Alors que Joseph se lève et pousse sa chaise, il jette un dernier regard à la bibliothèque, comme s'il communiquait silencieusement avec la sagesse qui y est abritée.
« Avant que tu partes, » commence-t-il, puis fait une pause, choisissant ses mots avec précaution. « Penses-tu jamais à ton propre héritage ? A ce que tu apporteras à cette meute ? »
Je le regarde, perplexe par ce changement soudain. « Je n'ai pas eu beaucoup de temps pour y penser. J'étais trop préoccupée à essayer de naviguer dans le monde de Sebastian. »
Joseph acquiesce, comprenant mais n'étant pas entièrement d'accord. « Gianna, comprendre Sebastian passe par la compréhension de toi-même. Tu ne peux pas le juger tant que tu n'as pas été clair avec toi-même. »
Ma bouche s'ouvre pour répondre, mais j'hésite. La vérité est que je n'y ai pas beaucoup réfléchi. « Tu as raison, mais je ne suis même pas sûr de savoir par où commencer. »
« Tu commences par te demander ce pour quoi tu te bats, ce que tu es prêt à défendre, » m'explique-t-il. « Sebastian a toujours été clair sur ce point. Et toi ? »
Je médite ses mots pendant un moment, la profondeur de la question perçant le voile de mes pensées. « J'imagine que j'ai toujours cru en l'équité, dans l'idée que chaque loup a une place, un rôle qui contribue à la meute. Je veux une communauté où tout le monde est entendu, respecté. C'est pour ça que je me battrais. »
Joseph semble satisfait, ses yeux s'illuminent. « C'est un véritable principe.

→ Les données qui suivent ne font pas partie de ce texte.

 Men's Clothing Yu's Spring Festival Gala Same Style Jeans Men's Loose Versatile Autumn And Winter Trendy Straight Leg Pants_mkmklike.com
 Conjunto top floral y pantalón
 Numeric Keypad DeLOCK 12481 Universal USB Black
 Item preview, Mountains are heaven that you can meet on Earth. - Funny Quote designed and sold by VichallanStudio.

Imagine apporter cette vision à la gouvernance de la meute. Imagine de quel genre de couple Alpha toi et Sebastian pourriez être. »

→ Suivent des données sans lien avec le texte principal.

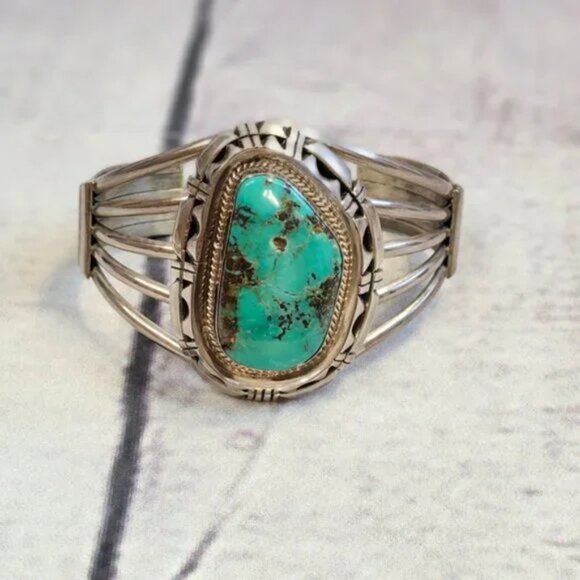 Mens Turquoise Bracelet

L'idée me provoque une montée d'excitation et de peur. « C'est un grand 'si', Joseph. On est encore en train de découvrir des choses. »
Il rit. « La plupart des 'si' commencent ainsi, n'est-ce pas ? Jusqu'à ce qu'ils deviennent des 'quand'. »

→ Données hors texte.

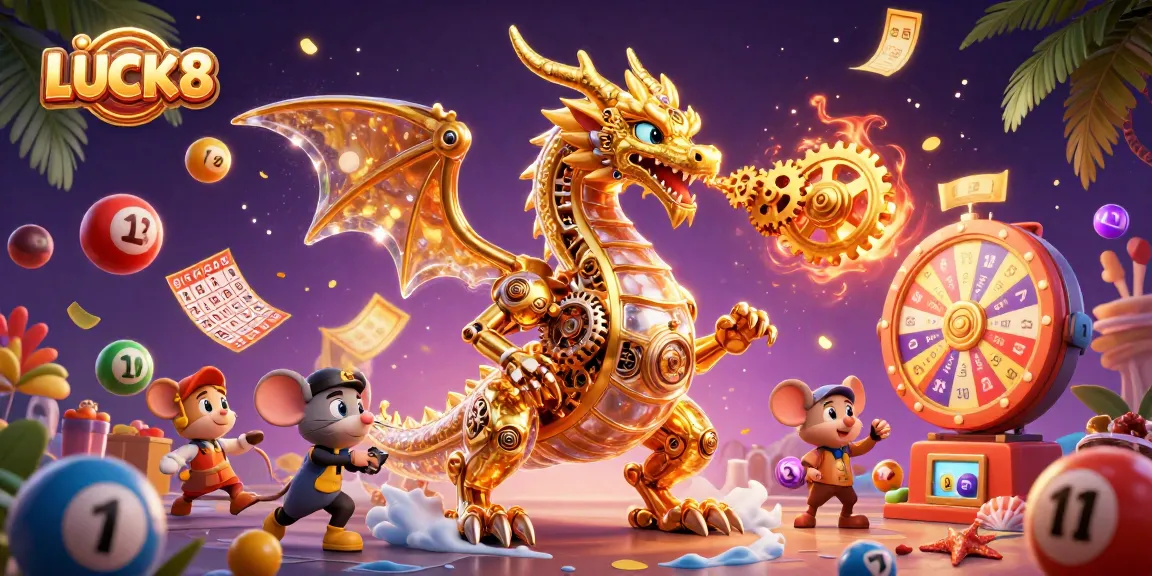 LUCK8 phát huy cơ hội với các quả bóng xổ số đầy màu sắc và phép thuật may mắn.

Nous partageons un silence momentané, la portée de notre conversation se faisant sentir. « Alors, est-ce que ce Codex Luporum a des directives sur comment gérer des Alphas impossibles ? » je plaisante, espérant détendre l'atmosphère.
Joseph rit. « Si c'était le cas, j'aurais déjà écrit une suite à ce stade. Non, comprendre Sebastian, c'est plus un art qu'une science. »
Je hoche la tête, mon esprit tourbillonnant autour de tout ce que j'ai appris aujourd'hui, non seulement sur les lois et la gouvernance de la meute, mais aussi sur le loup complexe avec qui je me suis trouvé mêlée. « Alors, je ferais mieux de commencer à exercer mon art. »
Joseph place une main rassurante sur mon épaule. « Tu es déjà sur la bonne voie, Gianna. Et j'ai l'impression que les chapitres les plus marquants restent encore à écrire. »
C'est une pensée qui me laisse à la fois exaltée et terrifiée. Si aujourd'hui j’ai appris quelque chose, c’est que certains voyages, aussi périlleux soient-ils, valent la peine d'être faits. Et en sortant du bureau de Sebastian, en retournant dans un monde qui me semble à la fois familier et complètement nouveau, je réalise que mon voyage ne fait que commencer.